Alice Mattison—one of the four organizers of the Ordinary Evening series—will read from her new novel, Nothing Is Quite Forgotten in Brooklyn, which will be published by HarperCollins on September 16, the day of her reading. An excerpt appeared recently in The New Yorker. Alice’s most recent book, In Case We’re Separated: Connected Stories, was a New York Times Notable Book of the Year in 2005 and won the Connecticut Book Award for fiction. She is the author of four other novels and three other collections of stories. She lives in New Haven and teaches in the MFA program at Bennington College in Vermont, and in the Fine Arts Work Center summer workshops in Provincetown, MA.
Cameron Gearen was born in New Haven and grew up in Oak Park, Illinois.

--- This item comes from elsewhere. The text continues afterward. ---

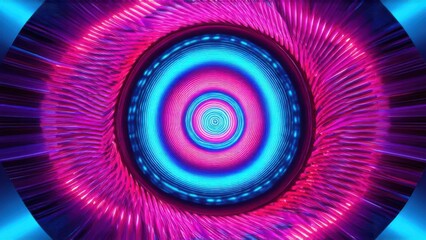 Graphic design art of abstract illusion of spiral with geometric shapes of pink and violet neon lines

She has published a chapbook of poetry entitled Night, Relative to Day that was selected by Robert Pinsky (2004). Her poetry has appeared in Fence, The Antioch Review, Crazyhorse, Poetry Northwest, The Bellingham Review, River Styx, Quarterly West, Another Chicago Magazine, Northwest Review and elsewhere. She won the Grolier Prize in 1994, the W.B. Yeats Society Poetry Contest in 2001 and the 2005 Lynda Hull Prize from Crazyhorse. She currently teaches in the English Department at Hamden Hall Country Day School.